WORK ITEM ::
Copying exactly, give the lines in the material below from the one with "VENGEANCE a7500 Gaming" to the one with "When jacking, be", ends included, and nothing besides.

RECORD EXCERPTS ::
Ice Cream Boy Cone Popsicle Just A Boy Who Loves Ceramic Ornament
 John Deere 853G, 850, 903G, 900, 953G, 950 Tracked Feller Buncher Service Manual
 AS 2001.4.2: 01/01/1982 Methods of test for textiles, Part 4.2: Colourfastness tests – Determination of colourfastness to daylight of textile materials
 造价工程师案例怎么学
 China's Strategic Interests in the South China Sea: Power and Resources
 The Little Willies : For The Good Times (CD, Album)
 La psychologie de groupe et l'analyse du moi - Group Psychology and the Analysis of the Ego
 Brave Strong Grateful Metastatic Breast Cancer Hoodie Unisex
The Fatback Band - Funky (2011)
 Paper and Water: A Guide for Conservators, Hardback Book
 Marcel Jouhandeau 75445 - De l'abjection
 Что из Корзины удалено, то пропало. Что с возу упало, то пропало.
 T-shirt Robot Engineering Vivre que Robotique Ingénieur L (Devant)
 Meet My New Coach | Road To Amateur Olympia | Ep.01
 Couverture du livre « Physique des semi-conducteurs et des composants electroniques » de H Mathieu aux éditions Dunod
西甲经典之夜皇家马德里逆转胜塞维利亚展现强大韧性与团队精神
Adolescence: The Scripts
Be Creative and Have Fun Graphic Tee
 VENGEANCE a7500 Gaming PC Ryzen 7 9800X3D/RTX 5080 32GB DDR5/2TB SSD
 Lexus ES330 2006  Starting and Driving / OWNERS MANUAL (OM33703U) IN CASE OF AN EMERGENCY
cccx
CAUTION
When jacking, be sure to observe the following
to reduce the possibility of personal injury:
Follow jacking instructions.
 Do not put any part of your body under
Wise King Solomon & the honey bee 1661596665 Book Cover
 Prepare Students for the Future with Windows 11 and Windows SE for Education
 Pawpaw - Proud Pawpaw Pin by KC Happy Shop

PROBLEM SOLUTION ::
 VENGEANCE a7500 Gaming PC Ryzen 7 9800X3D/RTX 5080 32GB DDR5/2TB SSD
 Lexus ES330 2006  Starting and Driving / OWNERS MANUAL (OM33703U) IN CASE OF AN EMERGENCY
cccx
CAUTION
When jacking, be sure to observe the following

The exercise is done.